DİLEYEN HERKES GAZETECİLİK MASKESİ ALTINA GİRİYOR

“Sürekli itibar kaybeden gazetecilik mesleği ve basın sektörünün gelişmesi açısından yasal boşlukların doldurulması artık kaçınılmaz bir hal almıştır. Sürekli vurguladığımız gibi ülkemiz, medya alanında kapsamlı bir değişime, yenilenmeye ihtiyaç duymaktadır. Basın özgürlüğünden basında çalışma koşullarına, mesleki standartlardan yasal düzenlemelere kadar bir dizi yenilik, geniş katılımlı çalıştaylar dizisi ile belirlenmeli ve zaman geçirilmeden uygulamaya konulmalıdır. Sektörümüzde mesleki düzenleme olmaması; tehdit ve şantaja dayalı etik dışı haberlerin yapılmasına, birikimine, eğitimine bakılmaksızın dileyen herkesin gazeteci maskesi altında sektörümüzde boy göstermesine neden olmaktadır.  Meslektaşlarımız, meslek onurlarını korumak adına mücadele etse de, yasal boşluktan yararlanan çıkarcıların medya sektöründe boy göstermesine engel olamamaktadır. Bu nedenle basın sektöründe öncelikli olarak mesleki düzenleme yapılmalıdır.

10 OCAK 1961’DEN DAHA İYİ HAKLARA SAHİP DEĞİLİZ

Bilindiği gibi 10 Ocak 1961, basında çalışanların haklarına ilişkin 212 sayılı yasanın uygulanmaya başlandığı gündür.

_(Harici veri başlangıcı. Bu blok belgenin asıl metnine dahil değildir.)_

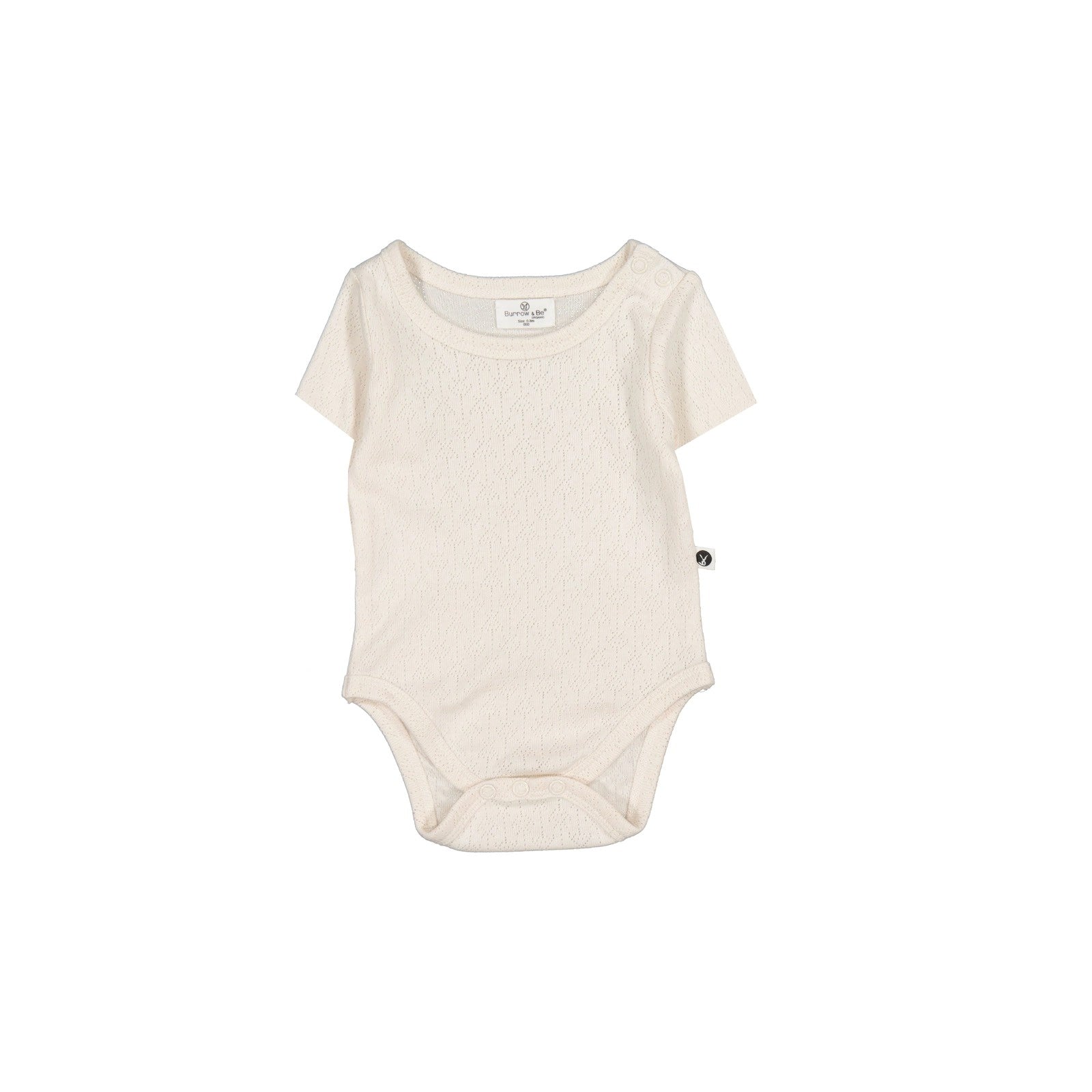 Burrow + Be Pointelle Short Sleeve Natural Body Suit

Bu yasa, basın emekçilerinin sigortalı çalışmasını, işten çıkarılmaları durumunda ihbar ve kıdem tazminatlarının ödenmesini, gazetecilik faaliyetlerini özgürce yürütmelerini güvenceye bağlamaktaydı. Ancak günümüzde meslektaşlarımız çalışma ve yaşama koşulları ile mesleki yeteneklerini geliştirme ve mesleklerini özgürce yapma olanakları bakımından 10 Ocak 1961’den daha iyi haklara sahip değildirler. Hep tekrarladığımız gibi 10 Ocak’lar ve 24 Temmuz’lar bizim için bayram günü değil, dayanışma günleridir.

BASIN, HALKIN SESİDİR

Unutulmamalıdır ki; Basın özgürlüğü ve basın özgürlüğünü de kapsayan ifade özgürlüğü, çağımızda demokratik yaşamın olmazsa olmazıdır. Özgür basın, demokrasinin yaşamasını ve gelişmesini sağlayan kurumların başında gelmektedir. Halkın sesi olma görevini üstlenen, üzerine düşen yükümlülükleri hakkıyla yerine getiren, gazetesinden televizyonuna, radyosundan internet sitelerine kadar, bağımsız ve özgür basın, düşünce özgürlüğünün de en etkili aracıdır. Çağdaş demokratik toplumlarda halkın haber alma hakkı basın ve ifade özgürlüğüyle mümkündür. Bu nedenle ülke olarak basının sorunlarını elbirliği ile çözümlemeliyiz.”